This paper studies a notion of generalization that allows multiple data-dependent interactions with the dataset. This notion is termed post-hoc generalization (or robust generalization in some previous work). The idea is that the output of the algorithm does not "reveal" any statistical query, i.e., the value of the query is similar on the dataset and the underlying population. Post-hoc generalization was studied in a COLT'16 paper by Cummings et al. More broadly, this paper is continuing the line of work on "adaptive data analysis" that has been studied in statistics for a while, and more recently in computer science (starting with a STOC'15 paper by Dwork et al.) The main contribution of the paper is a set of lower bounds for post-hoc generalization. In particular, the authors prove that: 1) A tight sample size lower bound of \sqrt{k}/eps^2 for any algorithm that can preserve k SQs up to error eps. Previously a lower bound of sqrt{k} was known for constant eps. 2) A similar computational lower bound (under cryptographic assumptions) that applies when the dimensionality of the data is smaller than the number of SQ queries. 3) In general, post-hoc generalization does NOT compose, in the worst-possible sense. (In contrast, it is known that special cases like differentially private algorithms are known to compose.) Overall, this is a nice paper that I believe should be accepted to NIPS. While I am not an expert in the techniques from the previous works (hence, I cannot judge the technical novelty given the time I spent on the paper), it seems to me that this is a solid contribution. At the conceptual level, the paper makes several interesting points that would be of value for the NIPS community.
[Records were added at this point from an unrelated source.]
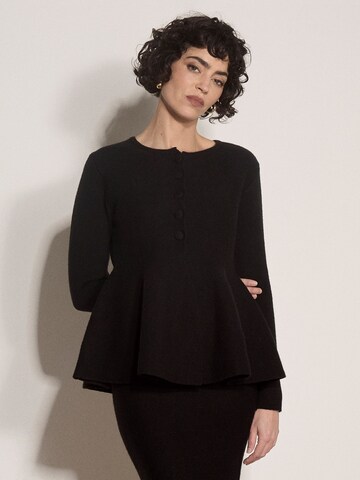 Apricot Peplum Hem Knit Cardigan ' ' in Schwarz: Vorderseite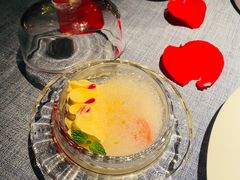 柑橘奶油酸乳酪冻配柠檬泡沫-弦月窗LUNETTE BY AMANDA(复兴路店)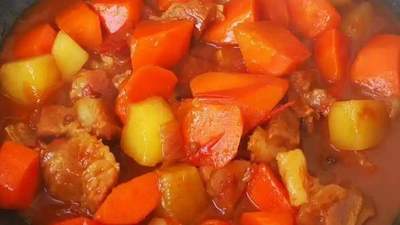 想解锁土豆炖牛肉的家常美味？跟着做就能吃到软糯土豆+软嫩牛肉的经典款，赶紧动手试试吧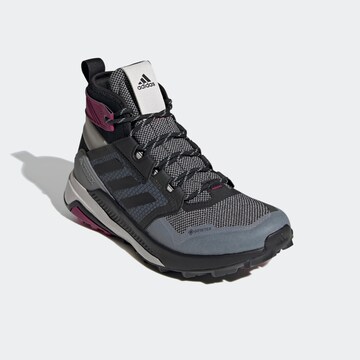 Boots 'Trailmaker' ADIDAS TERREX en gris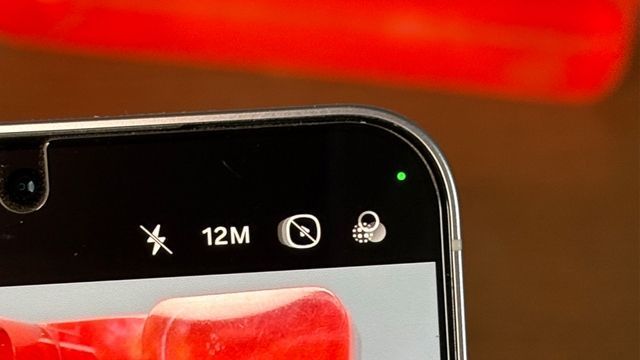 In der Statusleiste des Smartphones findet sich manchmal ein grüner Punkt.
Summary of paper contributions: This paper falls within the line of work on adaptive data analysis modeled on the basis of the statistical query model of Kearns. Their work is to show the limitations of algorithms that satisfy post hoc generalizations, as defined by Cummings et al. They show that 1. Algorithms satisfying post hoc generalization are require at least order k/\eps^2 samples to answer k adaptive queries with accuracy \eps, on datasets of dimension at least logarithmic in n. 2. They demonstrate a similar sample complexity lower bound for polynomial time algorithms, based on the existence of one-way functions. 3. Finally they show that algorithms satisfying post hoc generalizations do not compose: i.e. they construct O(\log n) algorithms satisfying nontrivial post hoc generalization whose composition has essentially trivial post hoc generalization. Summary opinion: The paper is well-written and has interesting lower bound results on the post hoc generalization notion of Cummings et al. It will be of significant interest to the community and a good addition to the program. Consequently, I recommend its acceptance. Comments for authors: 1. For the natural algorithm lower bound, it is not mentioned what the sample X \subset [N] is. Presumably the definition is something simple. 2. Similarly there seems to be some notational inconsistency e.g. q^j_i vs q^j(i) for algorithm 2. 3. It is not clear in some places whether the notation O() or \Theta requires to be used, e.g. in Theorem 3.1. It improves clarity for the reader to be careful with this. I have read the author response. I would strongly recommend to the authors to include a proof overview highlighting and expanding the differences and technical novelty of their techniques to prior work, as they indicated in the response.